**** Dataset excerpt

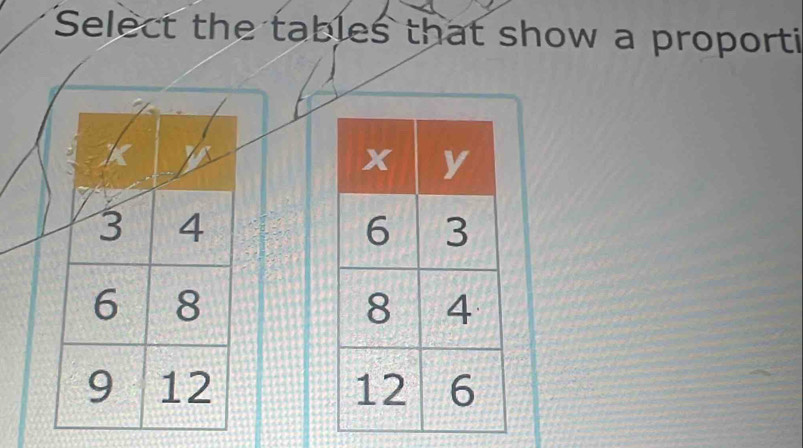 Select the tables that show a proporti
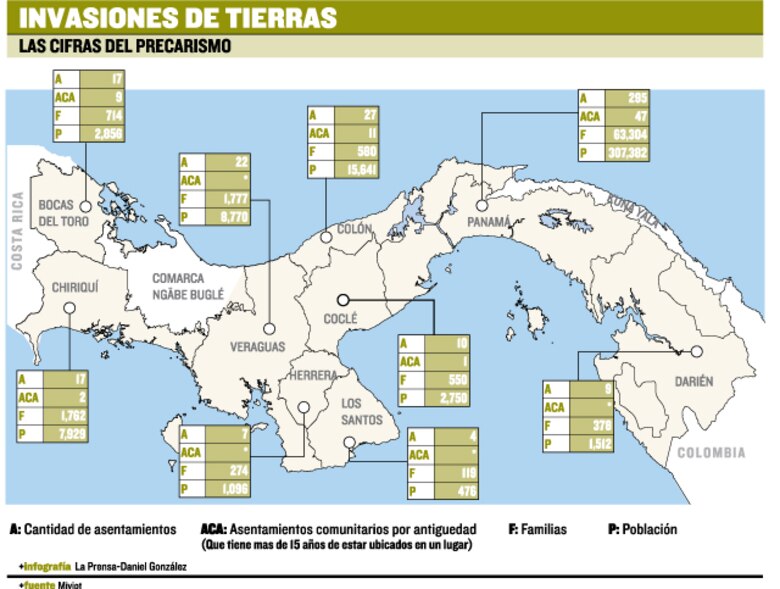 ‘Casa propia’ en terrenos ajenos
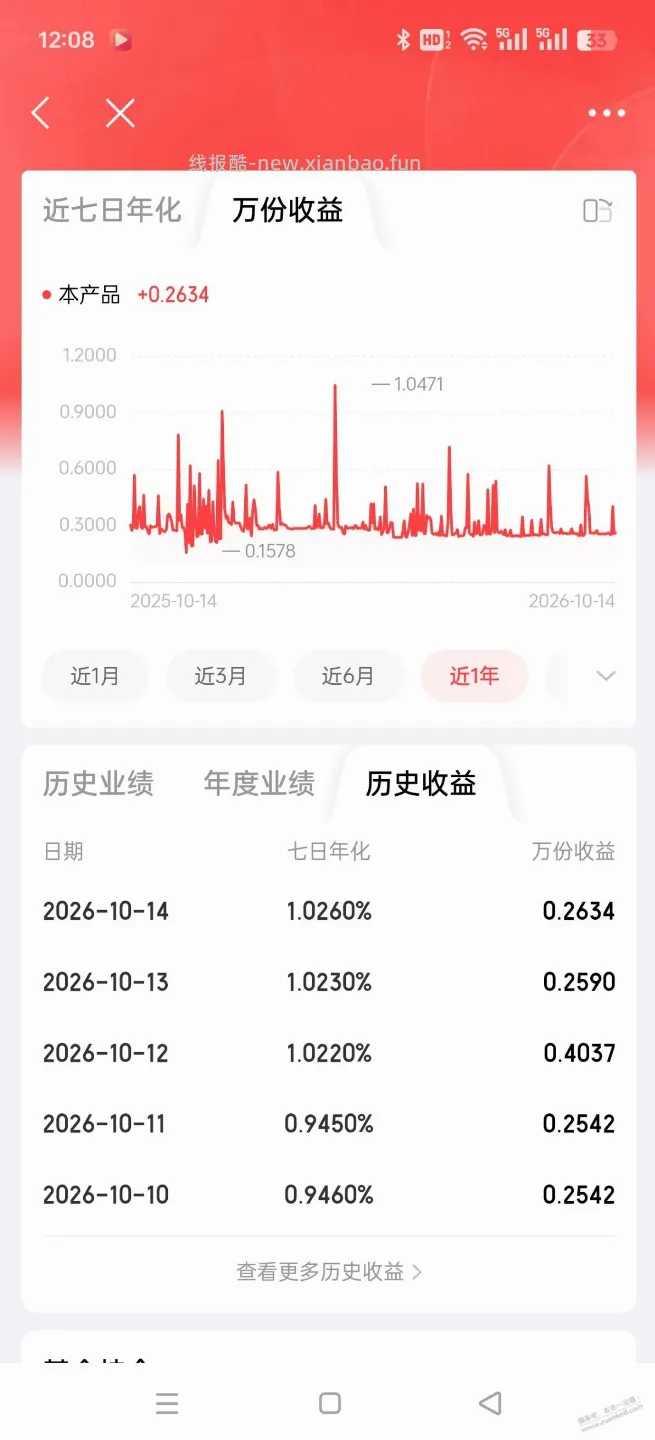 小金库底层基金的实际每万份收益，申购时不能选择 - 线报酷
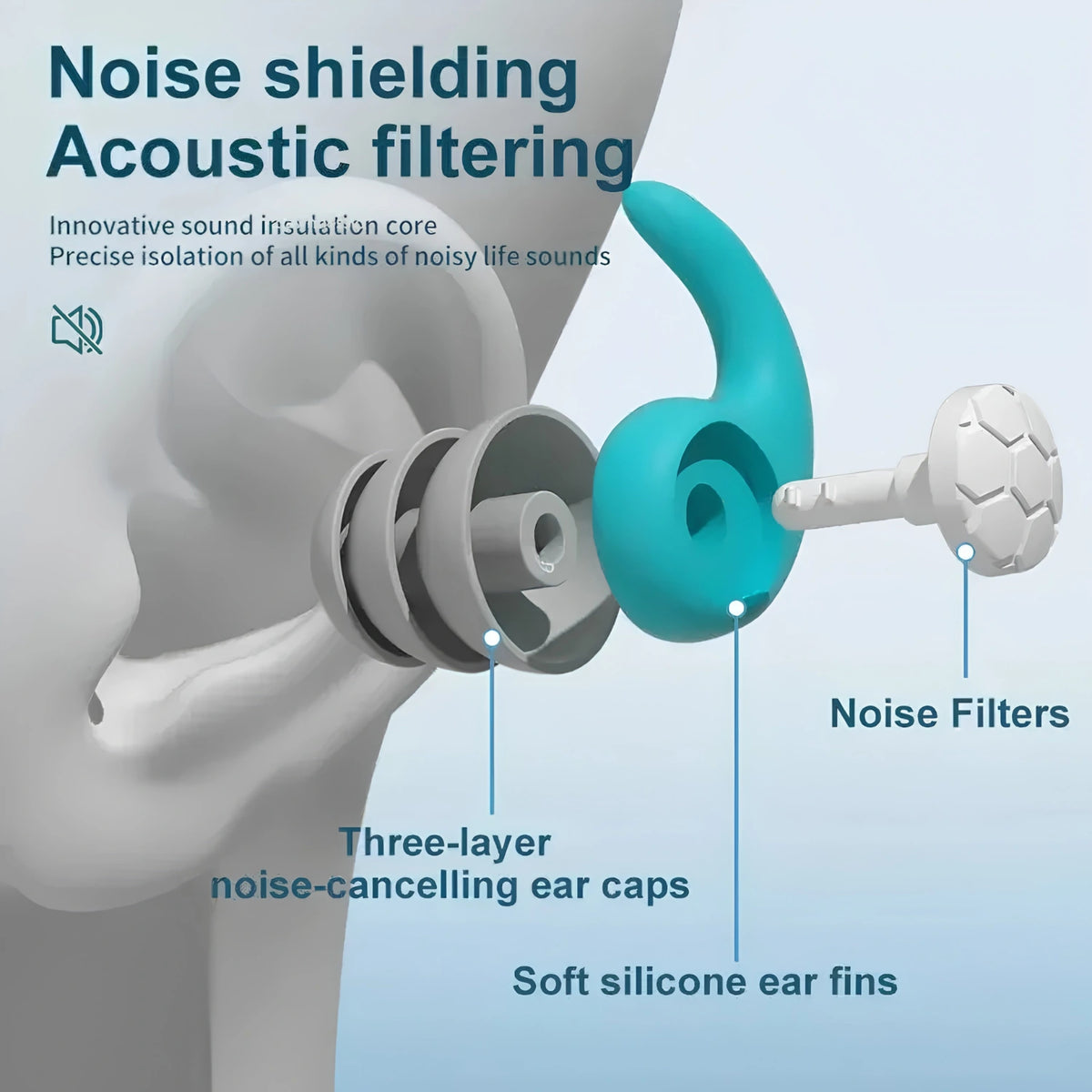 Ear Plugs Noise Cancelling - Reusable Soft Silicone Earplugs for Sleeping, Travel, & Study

********

The task :: Apart from the pictures, every line of the data above should be given again exactly.

Reply ::
 Select the tables that show a proporti
 ‘Casa propia’ en terrenos ajenos
 小金库底层基金的实际每万份收益，申购时不能选择 - 线报酷
 Ear Plugs Noise Cancelling - Reusable Soft Silicone Earplugs for Sleeping, Travel, & Study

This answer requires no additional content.